→ **THE TASK**
Look below for the line containing "Onitsuka Tiger Mexico 66 White Rust Grey" and the line containing "江门公司aaa信用等级证书"; repeat exactly those two lines and all lines between them, and nothing else.

→ **SOURCE DATA**
# # # # #

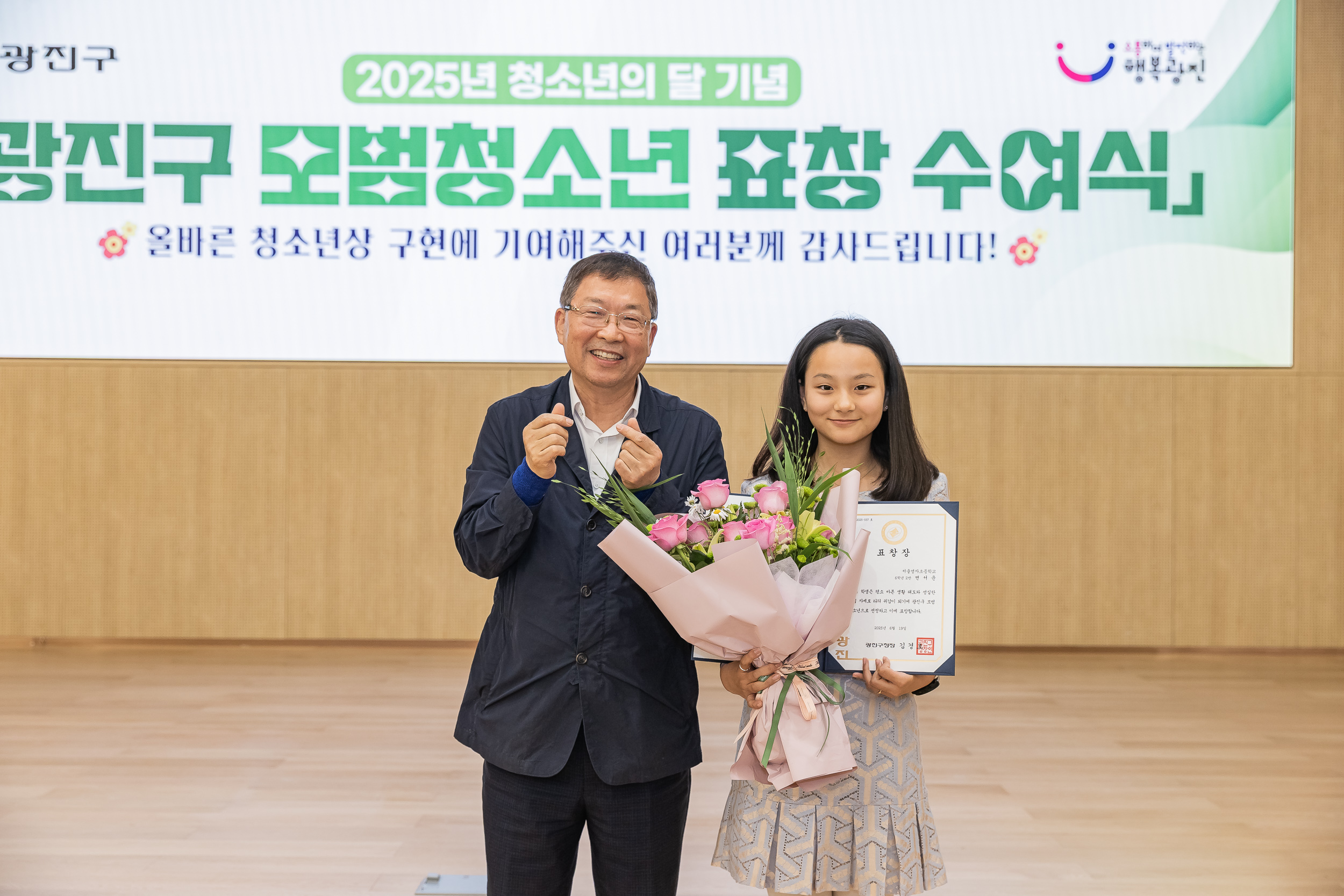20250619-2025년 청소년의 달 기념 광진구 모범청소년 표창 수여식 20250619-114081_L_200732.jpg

# # # # #

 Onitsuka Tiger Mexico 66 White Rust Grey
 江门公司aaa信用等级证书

# # # # #

→ **OUTPUT**
 Onitsuka Tiger Mexico 66 White Rust Grey
 江门公司aaa信用等级证书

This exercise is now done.